Its most obvious problem is the potential repealing of Section 230. 

This is a small but crucial piece of legislation that prevents companies like Facebook from being sued for the things people post. 

Joe Biden has said he wants it removed. In fact, in that same New York Times interview from a year ago he said he wanted it "revoked immediately". 

That could spell disaster for Zuckerberg. Suddenly all the things people post, all of the defamatory and fraudulent things people say - would be the responsibility of Facebook. It's hard to see how Facebook functions in its current form without Section 230. 

And that's before we get into Facebook's anti-trust problems. It's currently being sued by the Federal Trade Commission (FTC) and 46 states for "illegally maintaining its monopoly position" by buying up the competition. 

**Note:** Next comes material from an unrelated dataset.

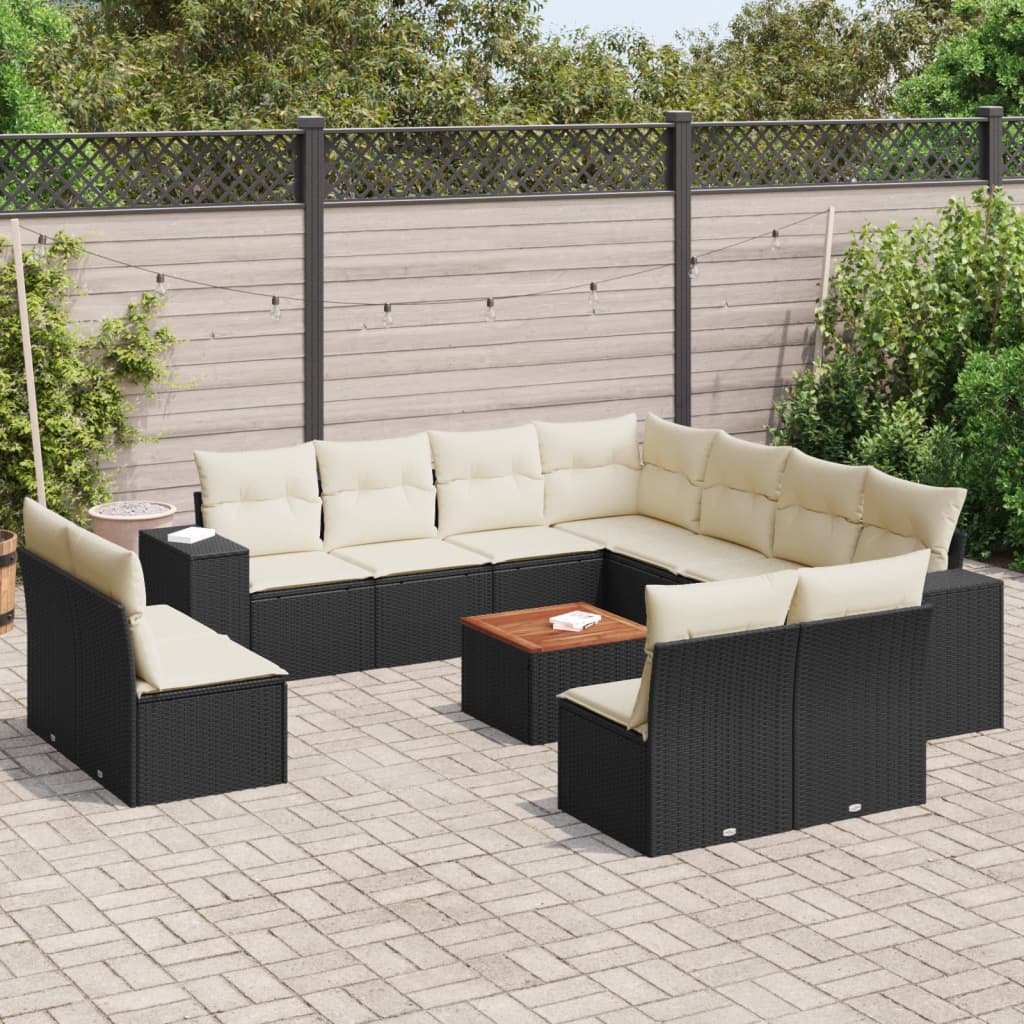 12-delige Loungeset met kussens poly rattan zwart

The FTC has also said it's looking at "unwinding Facebook's prior acquisitions of Instagram and WhatsApp" - ie breaking the firm up. 

Facebook will, of course, fight that. But Biden seems a pretty willing ally to those who want to split up Big Tech. 

In 2019, he said that breaking up companies such as Facebook was "something we should take a really hard look at". 

Jameel Jaffer, a media legal expert at Columbia University, told me: "I would expect the Biden administration to be pretty aggressive in enforcing the anti-trust laws. And to have the whole spectrum of harms in mind, not just the democratic harms, but harms relating to user privacy and consumer welfare." 

President Biden is even reportedly thinking of creating an anti-trust tsar,designed specifically to restore competition in areas like Big Tech.

Donald Trump and other Republicans always claimed that Facebook was too liberal, that it was biased against conservatives. But Trump did very well out of the platform. Both Trump and his high profile supporters regularly featured in the top 10 most shared Facebook posts of the day.

Trump's indefinite suspension from both Instagram and Facebook of course changes that dynamic again. But would he have been suspended if he'd had a year to go of his presidency rather than a week?

Trump's suspension has to be seen through that lens. Facebook is now scrambling to show it can moderate itself - that it agrees with Joe Biden's view that a free internet isn't necessarily a great and glorious thing.

And what better way to show you're serious than banning the president? 

Joe Biden though, doesn't like Facebook. That die is cast. 

What he now decides to do to Big Tech may well be framed around his dislike of the social network, and its emperor, Mark Zuckerberg. 

James Clayton is the BBC's North America technology reporter based in San Francisco.